GRANITE PARTNERS: Judge Cuts Willkie Farr's Fee
HEARTLAND WIRELESS: Reported Prepack Bankruptcy in Future
HOMELAND: Out of Bankruptcy - Claims Solid Profitability
MOBILEMEDIA: Panel Receives OK to Probe Plan Values
MOLTEN METAL: Court Approves $20 Million Loan Facility

PARAGON: Order Approves Joint Defense Agreement
PEGASUS GOLD: To Retain Houlihan Lokey
SHEPPARD FOODSERVICE: Hearing on Sale Continued
THE SLED DOGS: Hearing on Disclosure Statement
TOHO MUTUAL: Proposes New Joint Venture with GE Capital

TRI-LITE: Partial Payments Made According to Plan
WESTERN FIDELITY: Extension of Time to File Disclosure Stmt


AUTO WORKS: Bar Date for Administrative and Pre-BK Claims
April 30, 1998 will be the deadline for filing with the
Office of the US Bankruptcy Court pre-petition proofs of
claim as well as administrative claims against the debtor,
Auto Works, Inc.

BRITWILL INVESTMENTS: Seeks 90 Days to Evaluate Leases
Britwill Investments-I Inc., Britwill Investments-II Inc.,
and Britwill Indiana Partnership, debtor, are seeking an
additional 90 day extension, up to and including June 8,
1998, to determine which leases of the debtors should be
assumed, and which leases should be rejected.

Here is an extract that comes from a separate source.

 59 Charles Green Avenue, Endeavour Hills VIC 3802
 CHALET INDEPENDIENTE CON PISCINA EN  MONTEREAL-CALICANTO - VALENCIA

The debtors are currently lessees under 25 leases for
residential health car and managed care facilities.  The
debtors state that the leases are the central, critical
component of debtors' operations, and ultimately of a
successful plan of reorganization.

Omega Healthcare Investors, Inc. is the lessor of most of
the facilities.  Omega claims that the debtors are in
default under the leases, and is attempting to terminate
the leases.  The dispute between the parties will not be
resolved within the sixty day period, and that is an
additional reason that the debtors are requesting the
extension, as the debtors do not know if the leases will be
terminated due to the alleged defaults.

BRUNO'S: Approval to Buy Four Delchamps Stores
Bruno's Inc. received court approval to buy four Delchamps
Inc. stores in strategic locations for $1.5 million cash.  
Delchamps, a supermarket chain with approximately 218
stores in Alabama, Florida, Louisiana, and Mississippi, was
seeking a purchaser for four of its stores in Alabama.
Three of the stores are located in markets where Bruno's
also has stores, however, the Delchamps stores have better
facilities or superior locations. (Federal Filings, Inc.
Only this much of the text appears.